Exercise objective = Omit all images, then repeat exactly the lines below from the one containing "Three hearts on wood background" through the one containing "a view of a", both ends included.

Input =
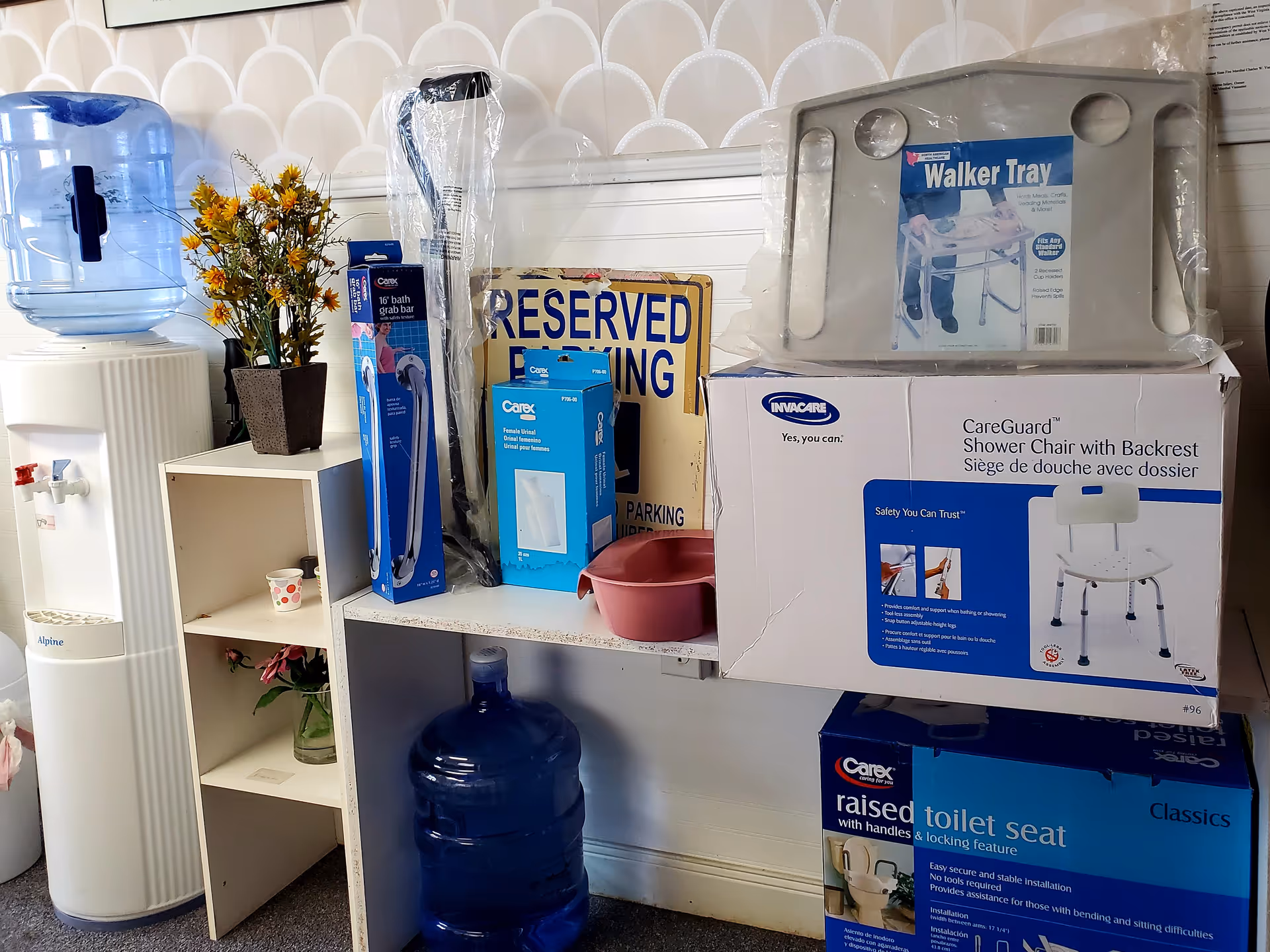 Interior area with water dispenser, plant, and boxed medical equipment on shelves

==

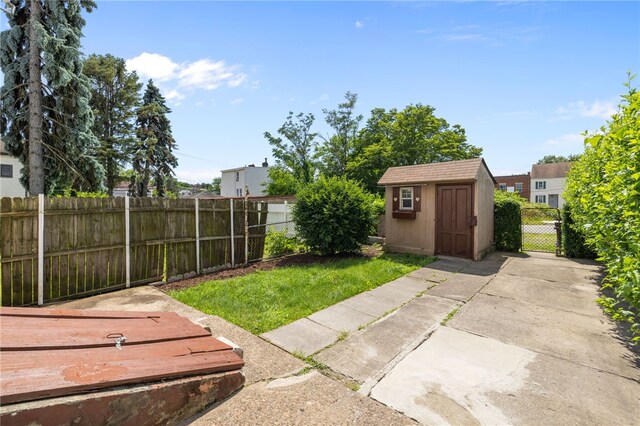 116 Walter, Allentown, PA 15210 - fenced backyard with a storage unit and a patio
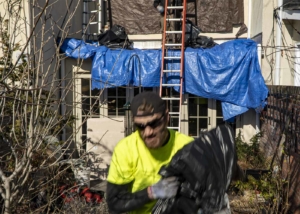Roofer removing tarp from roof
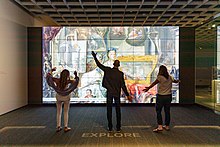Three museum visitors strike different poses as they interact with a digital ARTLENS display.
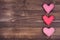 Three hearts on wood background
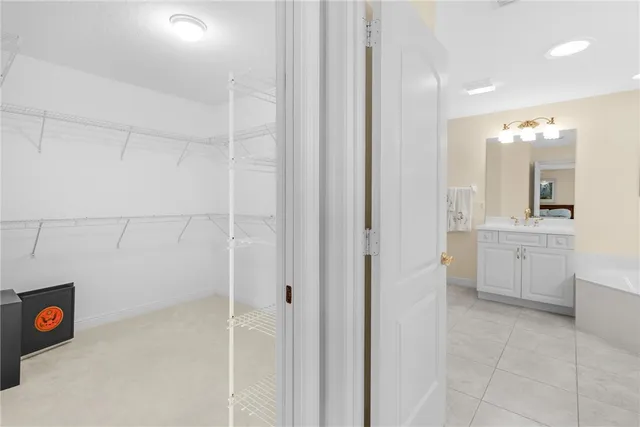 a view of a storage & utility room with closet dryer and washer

...

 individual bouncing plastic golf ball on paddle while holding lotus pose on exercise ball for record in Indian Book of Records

Task solution =
 Three hearts on wood background
 a view of a storage & utility room with closet dryer and washer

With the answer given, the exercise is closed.